D’abord en mettant le vote sur cet amendement, au début du mois d’août, le même jour que les primaires pour les élections de mi-mandat. Misant ainsi sur une faible participation des électeurs les plus radicaux, ce qui est le cas en général pour les primaires. Ensuite en rédigeant un texte obscur et très confus dans lequel voter « Oui » était en fait la remise en cause du droit à l’avortement (voir ci-dessous). D’ailleurs, juste avant l’élection le comité d’action politique Do Right PAC dirigé par l’ex-congressman républicain Tim Huelskamp du Kansas a diffusé un message sur les téléphones portables pour ajouter un peu plus à cette confusion. Le texte du message indiquait que si la mesure était approuvé, il garantissait la liberté de choix alors qu’en fait il permettait aux deux chambres de l’état de rendre illégal l’avortement : « Women in KS are losing their choice on reproductive rights » prévenait le message. « Voting YES on the Amendment will give women a choice. Vote YES to protect women’s health ».
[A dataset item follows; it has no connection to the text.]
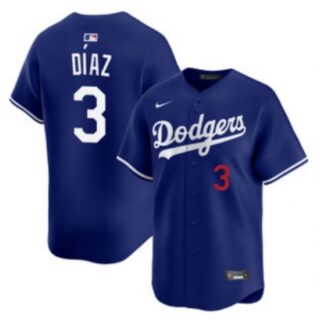 Men's Los Angeles Dodgers #3 Edwin D??az Royal Cool Base Stitched Baseball Jersey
A une très grande majorité, contrairement à ce que les sondages avaient prévu, les habitants du Kansas, pourtant un Etat largement républicain (aux dernières élections présidentielles, Donald Trump avait un avantage de 14 points), ont voté clairement contre cet amendement qui entendait remettre en cause le droit à l’avortement et donc se sont prononcé pour le droit à l’IVG. Et pourtant les républicains qui ont la majorité dans les deux chambres ont fait tout ce qu’il fallait pour susciter de la confusion et obtenir ce qu’ils souhaitaient : supprimer le droit à l’avortement.
Tim Huelskamp a fait appel à Alliance Forge, une entreprise basée dans le Nevada, spécialisée dans la communication pour la diffusion du message. Cette dernière a loué une base de données à la société Twilio, une société basée à San Francisco et spécialisée dans la communication. Les numéros de téléphones portables ont été effacés lundi soir après l’opération mais selon Cris Paden, porte-parole de Twilio, a indiqué qu’Alliance Forge n’avait pas respecté le règlement de l’entreprise interdisant la diffusion de désinformation. De son côté, le CEO d’Alliance Forge a indiqué qu’il n’avait pas consulté le contenu mais s’était contenté de l’aspect technique de l’opération (une bataille juridique en perspective ?).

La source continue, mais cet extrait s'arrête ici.